17023,7940065082,Infrastructure,,Department Lead,Baby Boomer (born between 1946-1964),Male,10+ years,Full time Employee,Question 30-Response 3,Answer 8,Question 30,182,14.0
17024,5157705612,Finance,,Staff,Millennial (born between 1981-2000),Female,5-10 years,Full time Employee,Question 30-Response 3,Answer 6,Question 30,182,20.0
17025,9920755555,Port Operations,,Staff,Millennial (born between 1981-2000),Female,3-5 years,Full time Employee,Question 30-Response 3,,Question 30,182,0.0
17026,6638341389,Infrastructure,,Manager,Millennial (born between 1981-2000),Female,3-5 years,Full time Employee,Question 30-Response 3,,Question 30,182,0.0


## Conclusion
Data manipulation is a critical step in the data analysis process.
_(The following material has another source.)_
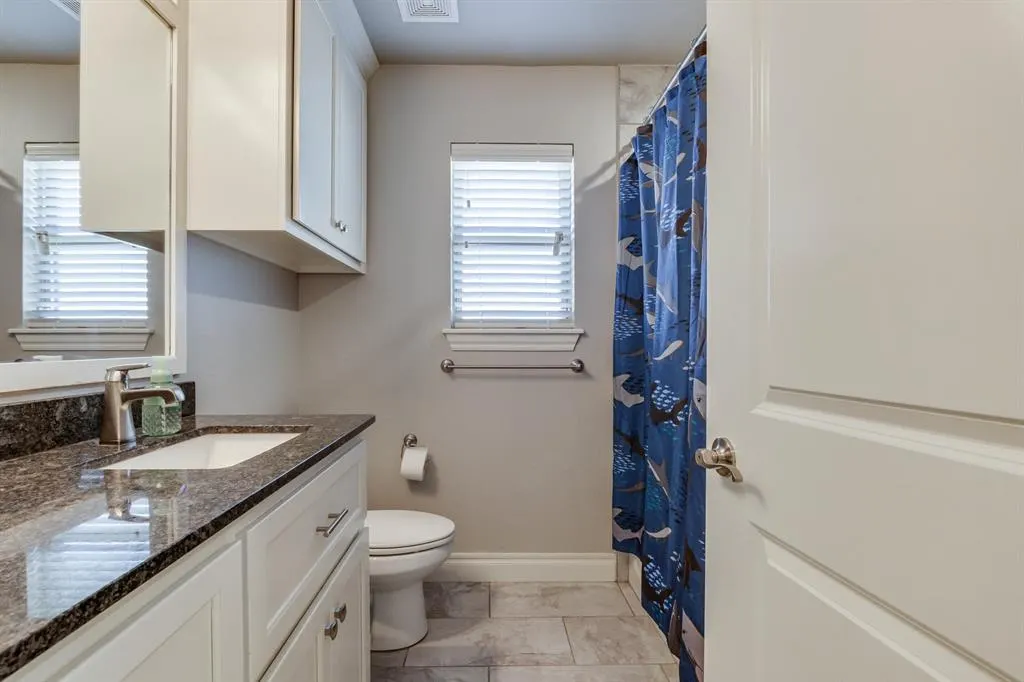 Photo 11 — 8813 NW 123rd Street, Oklahoma City, OK 73142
This project demonstrates how to preprocess, clean, and structure raw survey data to extract valuable insights and address specific business questions.

## Conclusion
Data manipulation is an indispensable step in the data analysis journey. This project showcases the importance of this process, where we have taken raw survey data and meticulously transformed it into a structured, analyzable form. Through this endeavor, we have not only gained valuable insights but also laid the groundwork for addressing specific business questions and making informed decisions.

Key Takeaways from this Project:

**Data Preprocessing:** We started by recognizing that raw data is rarely in the ideal format for analysis. Thus, we engaged in data preprocessing, including data cleaning and transformation, to ensure the data was suitable for analysis.

**Structuring Data:** The process of unpivoting data from a wide format to a long format was instrumental in organizing the information for analysis. This step facilitated a more comprehensive exploration of the dataset.

**Merging and Joining Data:** We effectively merged different datasets, combining survey responses with question details. This integration provided context to the responses and enhanced the depth of our analysis.

**Unique Respondent Count:** By calculating the number of unique respondents for each question, we gained insights into participant engagement. This metric helps us understand the reach and relevance of individual questions within the survey.

**Identical Answer Frequency:** Determining the frequency of identical answers for specific questions shed light on common trends in responses. This information is crucial for identifying patterns and making data-driven decisions.

In conclusion, data manipulation is the foundation upon which data analysis rests. It allows us to extract actionable knowledge from raw data, making it a vital step in any data-centric project. This project not only demonstrates the techniques involved but also emphasizes the significance of data preprocessing, cleansing, and transformation in uncovering valuable insights and addressing specific business inquiries.

By following the processes outlined in this project, we can apply similar techniques to different datasets, unlocking the potential for data-driven decision-making and achieving meaningful conclusions.

As we embark on the data analysis journey, remember that data manipulation is both an art and a science, enabling us to reveal hidden stories within the data and derive actionable insights for informed decision-making.